The panelists agreed that creating mechanisms for engagement, such as education-research-practice partnerships, is essential. These partnerships facilitate the exchange of knowledge and expertise between academia and the community, leading to more informed decision-making and action at both levels. Additionally, incentivizing community engagement within universities can encourage researchers to prioritize building these relationships and working directly with community members.

“These are the real heroes, the real experts right here,”  Yanovitzky said, pointing to Pryde. He continued, “During the pandemic, public health departments did not have a choice but to innovate on the fly. It’s our responsibility as researchers to talk with them and find out what they did and then collect that so that we can find best practices.”

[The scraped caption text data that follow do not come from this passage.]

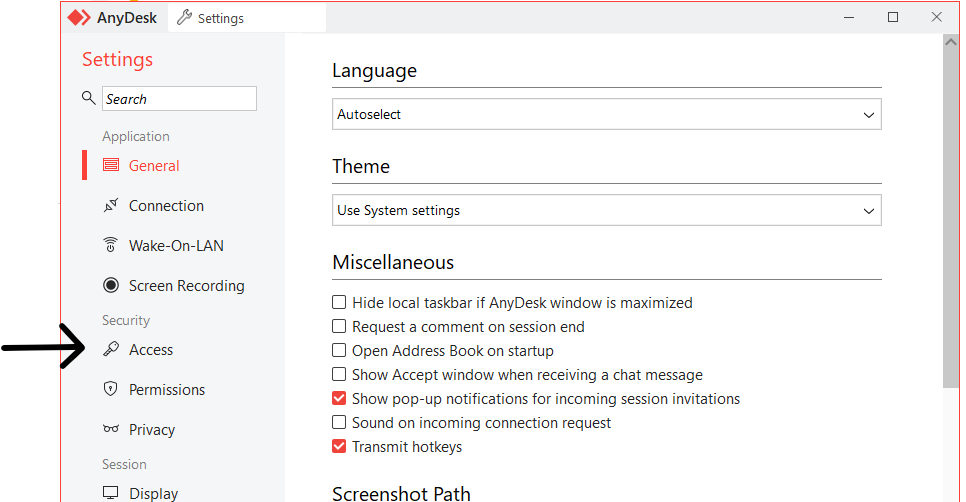הגדרות AnyDesk — חץ מצביע על Access בתפריט הצד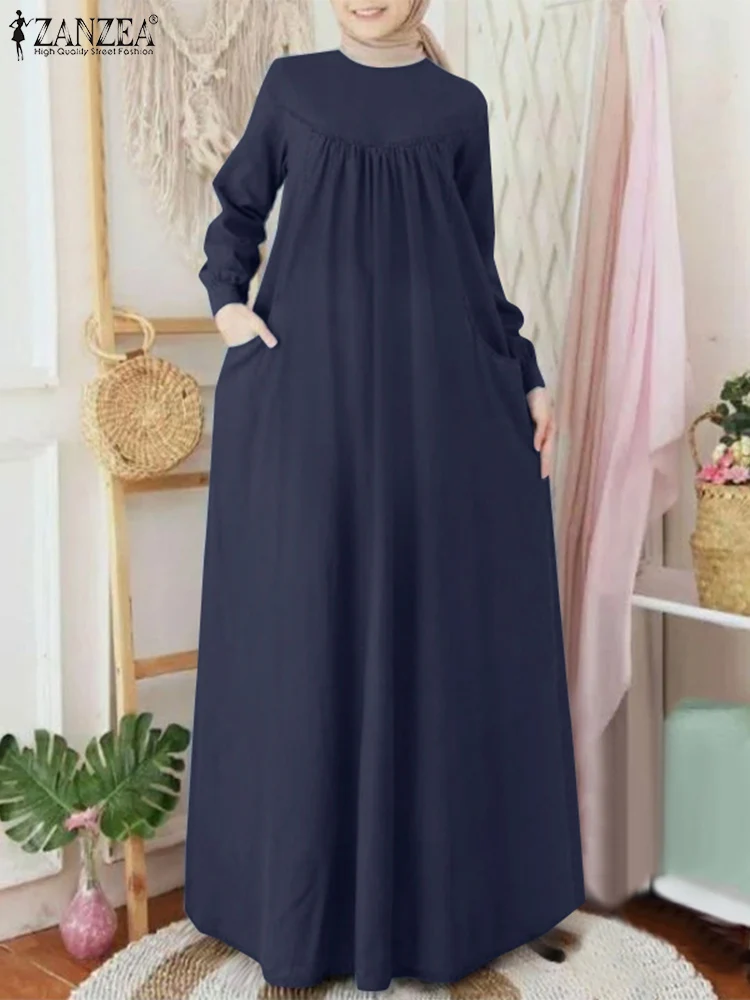 ZANZEA Fashion Muslim Abaya Dress Spring Long Sleeve Islamic Robe Solid Pleated Long Dress Women Autumn Sundress Dubai Vestidos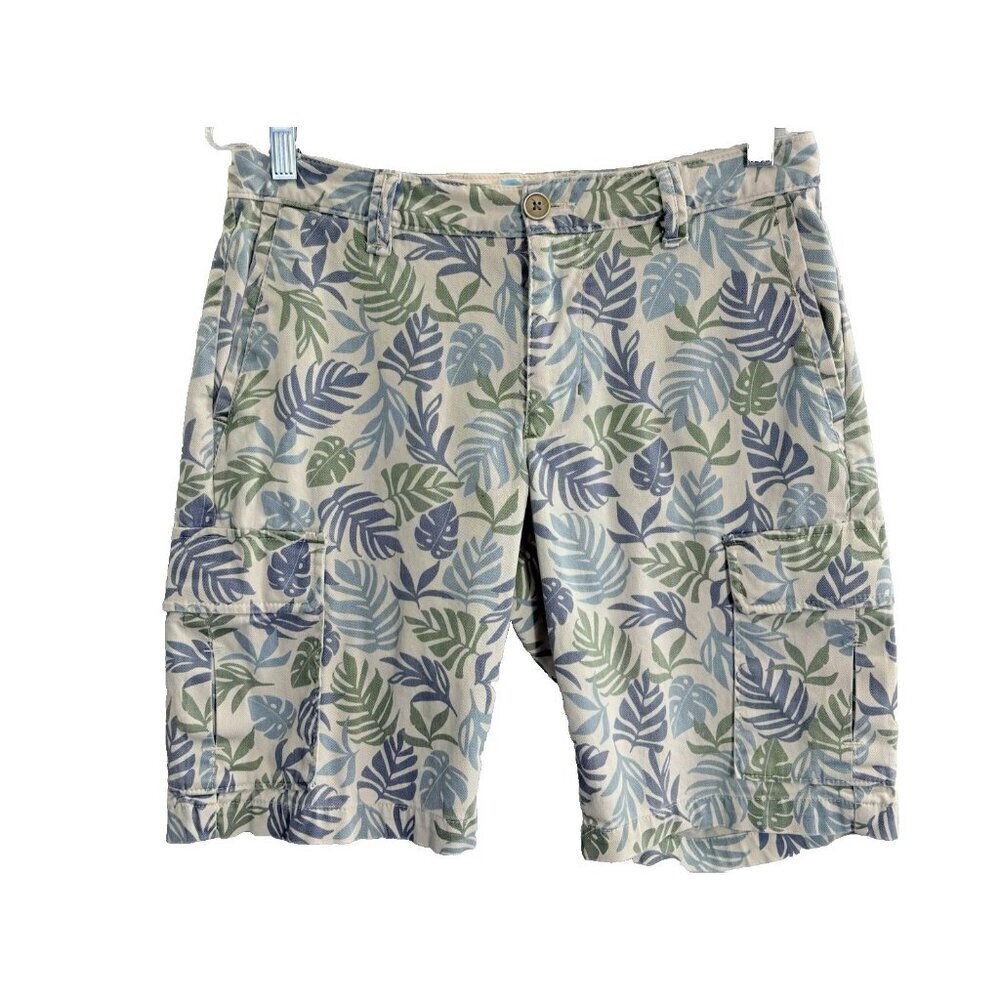 TOMMY BAHAMA Men Leilani Fronds Cargo Shorts Zip Button Sz‎ 30 Multicolor 36-7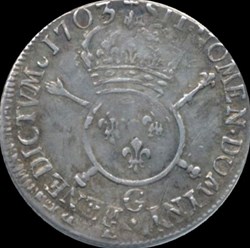 Quart d'écu aux insignes 1703 G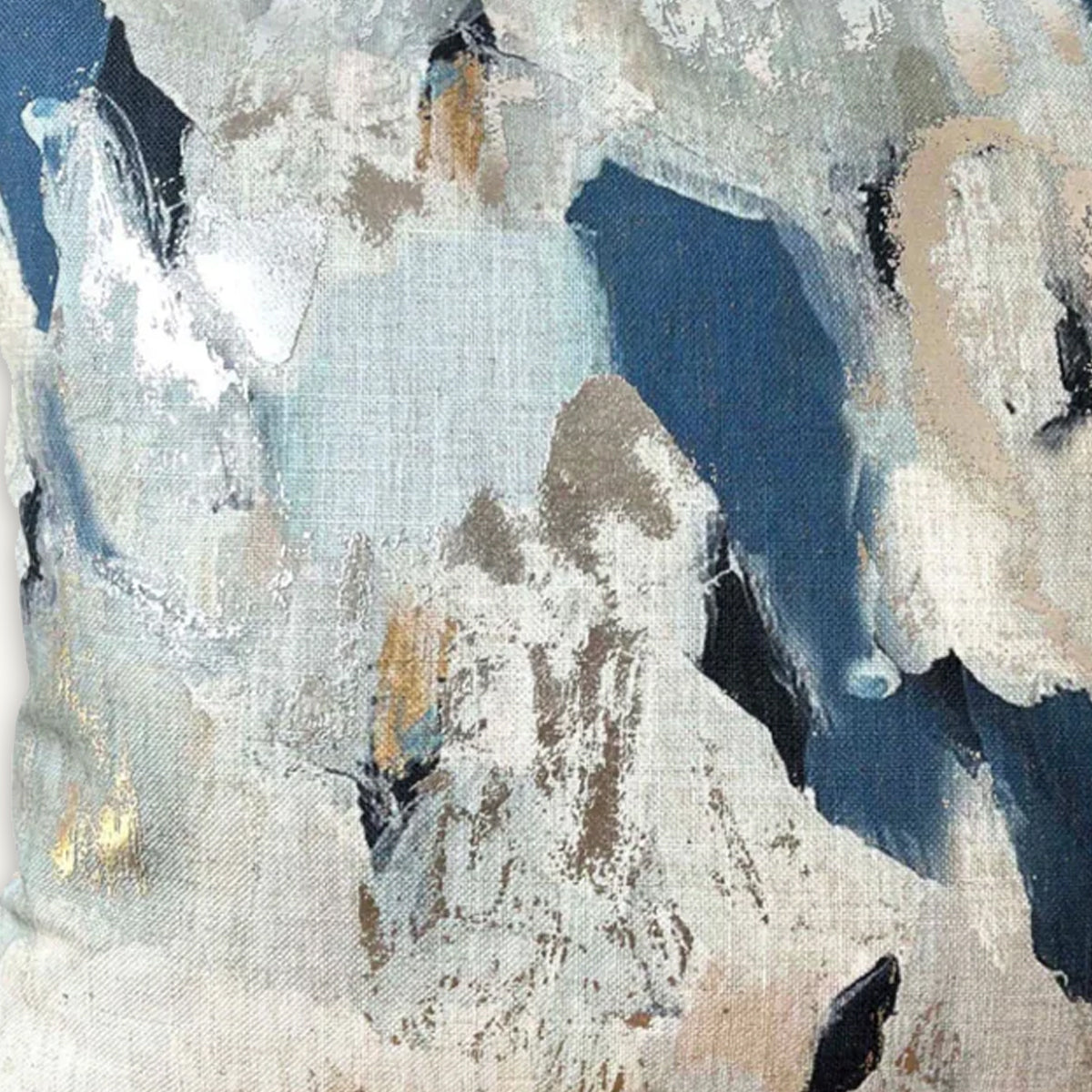 Abstract Blue & Silver Tassel Cushion - 45x45cm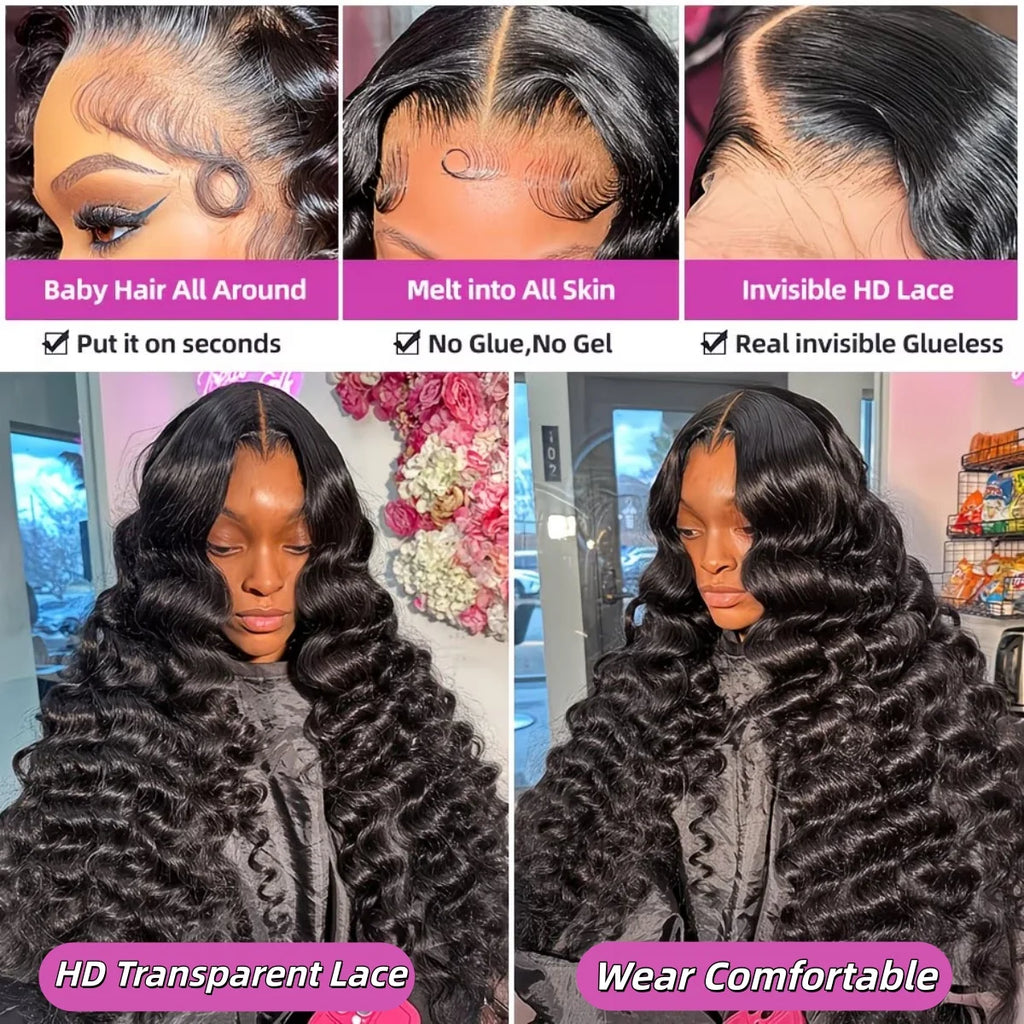 Deep Wave Lace Front Wigs Human Hair 13x6 HD Lace Front Wigs Burmese Curly 13X4 Human Hair Pre Plucked Brazilian Curly Human Hair Wig 200 Density Deep Wave Frontal Wigs Human Hair HD Lace 26 Inch Curly Wigs for Black Women Pr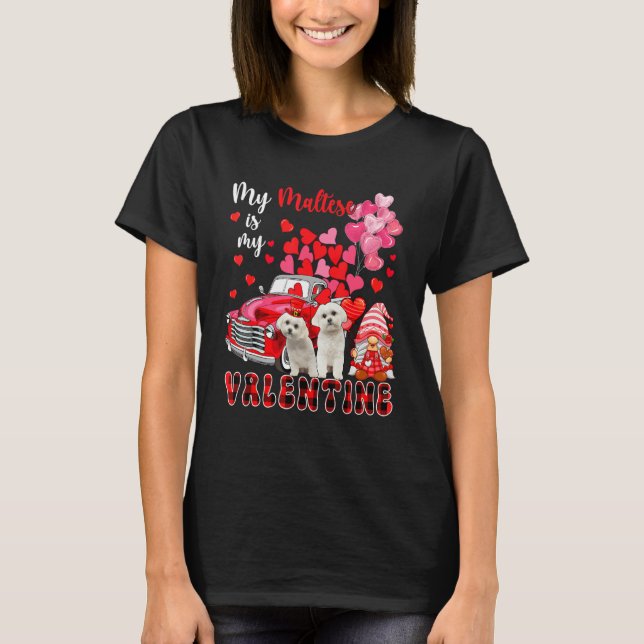 My Maltese Is My Valentine Two Dogs With Gnome Pic T-Shirt (Front)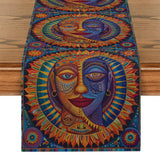 Sun Face Ethnic Pattern Table Runners Dresser Table Decor Farmhouse Dining Table Runner Holiday Party Decoration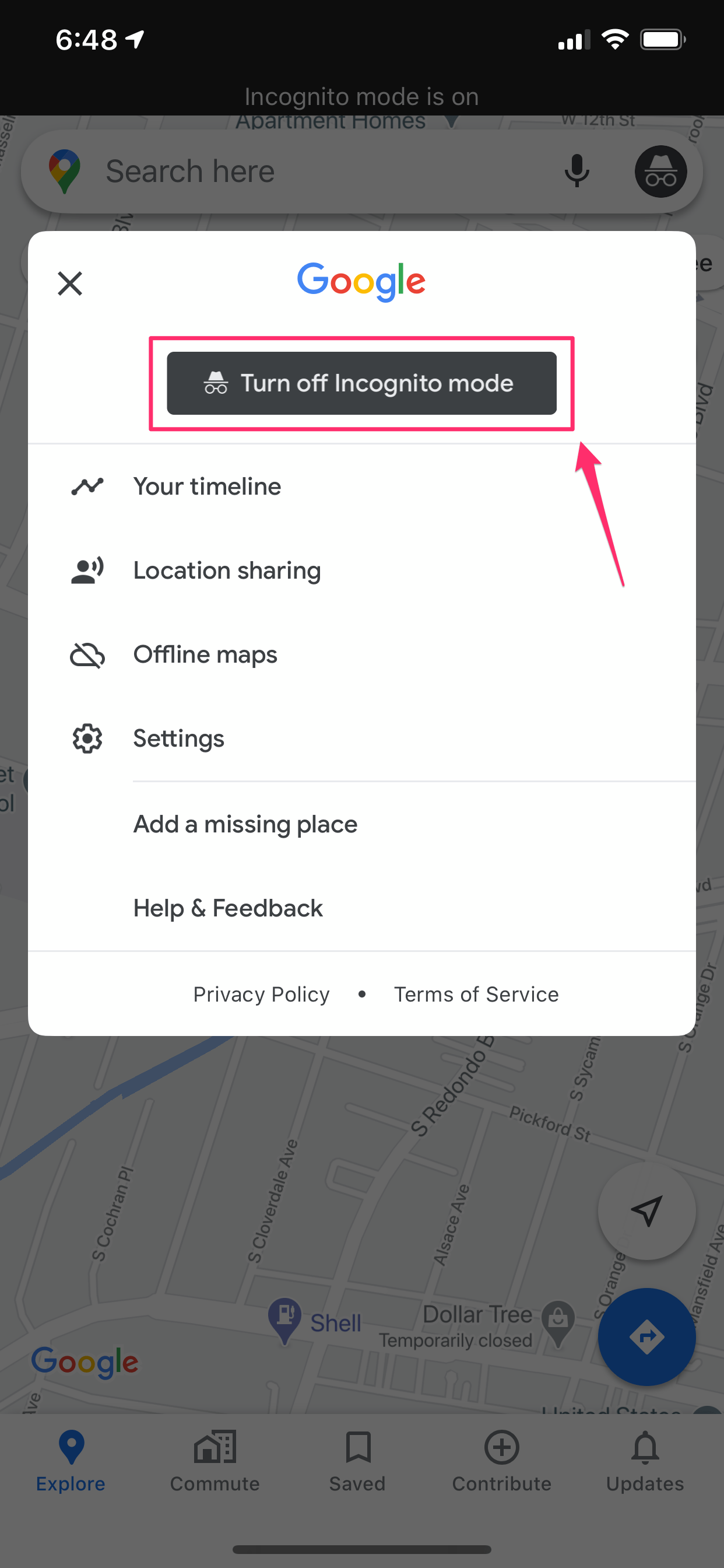 How to use Incognito mode on the Google Maps app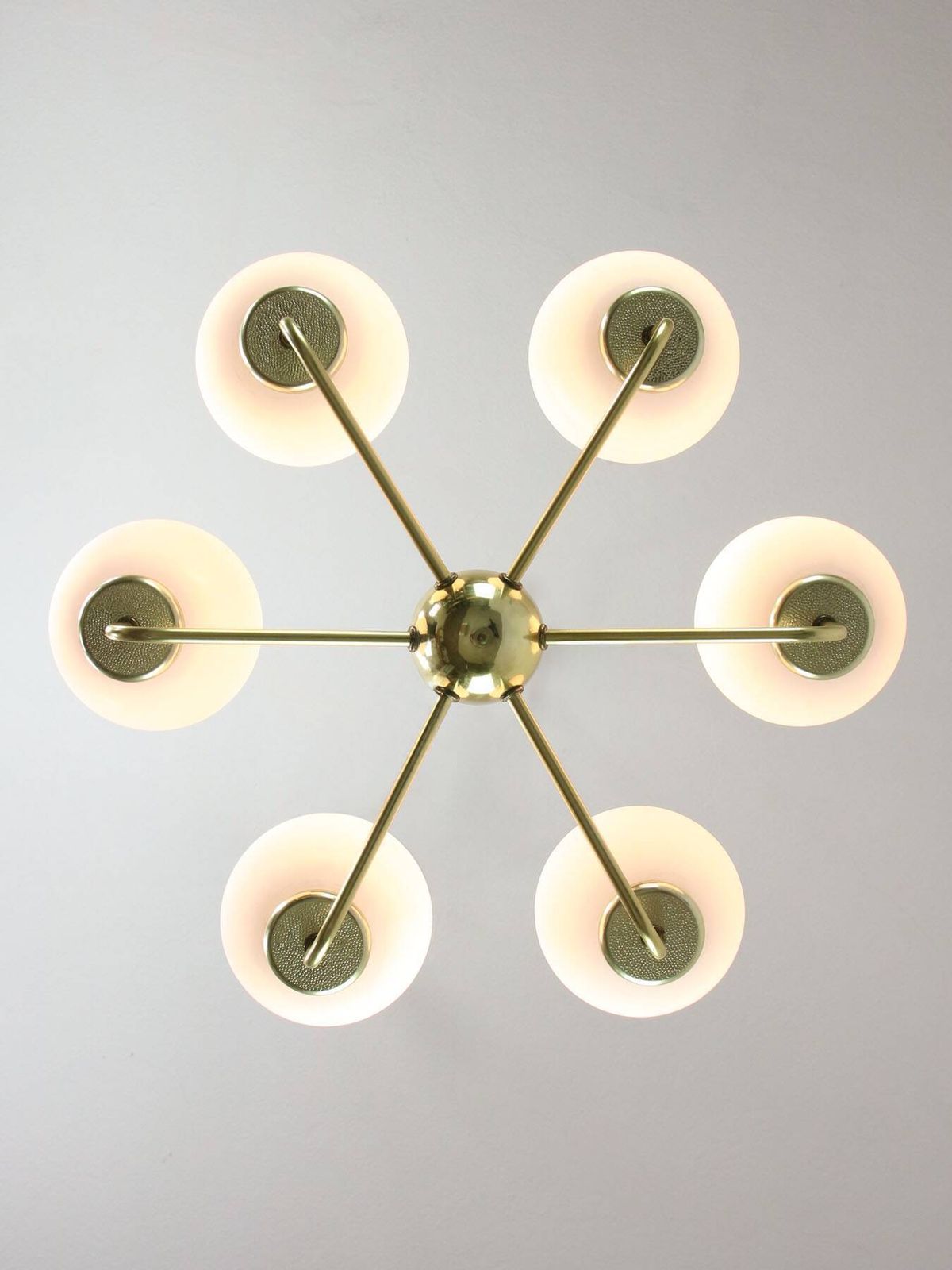 Lighting Mid Century Upward Sputnik Golden Chandelier, 60s photo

Dr. Brandi Barnes, IHSI’s Research Scientist for Health Equity, and one of the organizers of the event, thought the panelists did a wonderful job of emphasizing how  important it is to cultivate education-research-practice partnerships. “Building long-term, reciprocal relationships with the community is key. By demonstrating consistency, reliability, and genuine care for the community's well-being, universities can build trust and foster meaningful partnerships that benefit everyone involved,” she said.

The panel was hosted by the School of Information Sciences, Department of Communication, Charles H. Sandage Department of Advertising, the Institute of Communications Research, and the Interdisciplinary Health Sciences Institute at the University of Illinois-Urbana Champaign. Around forty attendees from 14 units across campus attended the panel discussion.